*** Opening of Provided material ***

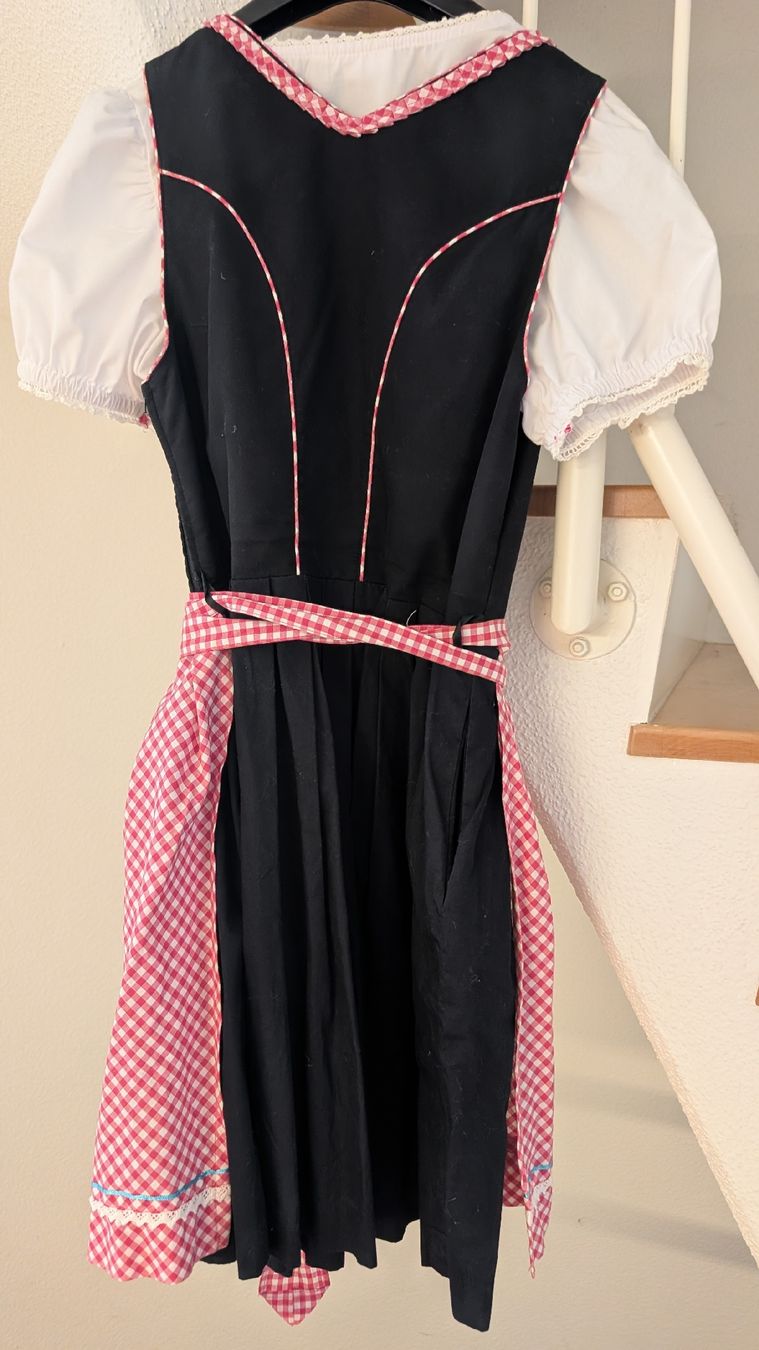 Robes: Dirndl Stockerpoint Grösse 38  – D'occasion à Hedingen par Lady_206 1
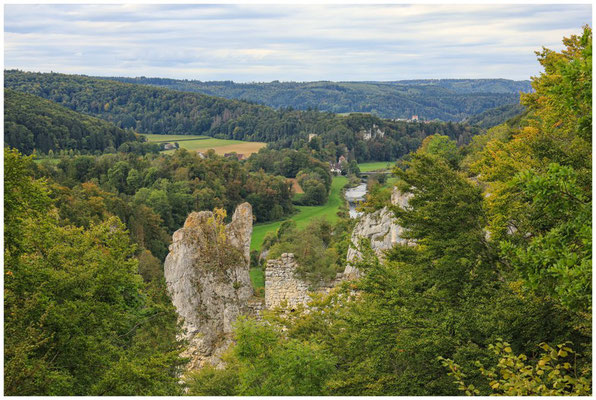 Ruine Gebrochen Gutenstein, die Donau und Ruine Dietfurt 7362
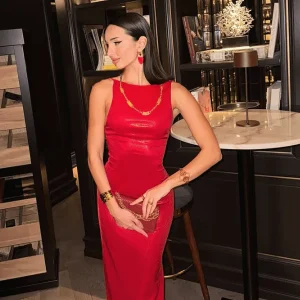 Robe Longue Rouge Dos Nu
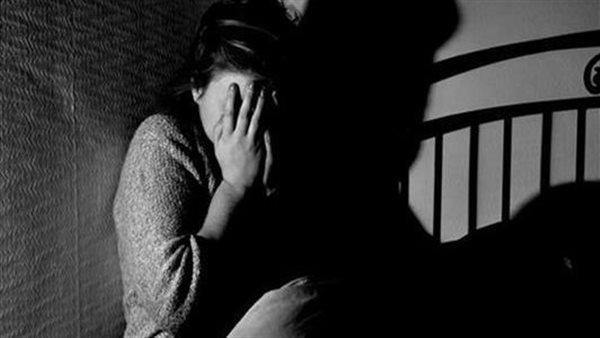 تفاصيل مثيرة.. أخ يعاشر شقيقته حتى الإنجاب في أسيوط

*** Close of Provided material ***

Action item »
Any picture in the data is to be skipped, while each line is returned exactly as written.

Completed task »
 Robes: Dirndl Stockerpoint Grösse 38  – D'occasion à Hedingen par Lady_206 1
 Ruine Gebrochen Gutenstein, die Donau und Ruine Dietfurt 7362
 Robe Longue Rouge Dos Nu
 تفاصيل مثيرة.. أخ يعاشر شقيقته حتى الإنجاب في أسيوط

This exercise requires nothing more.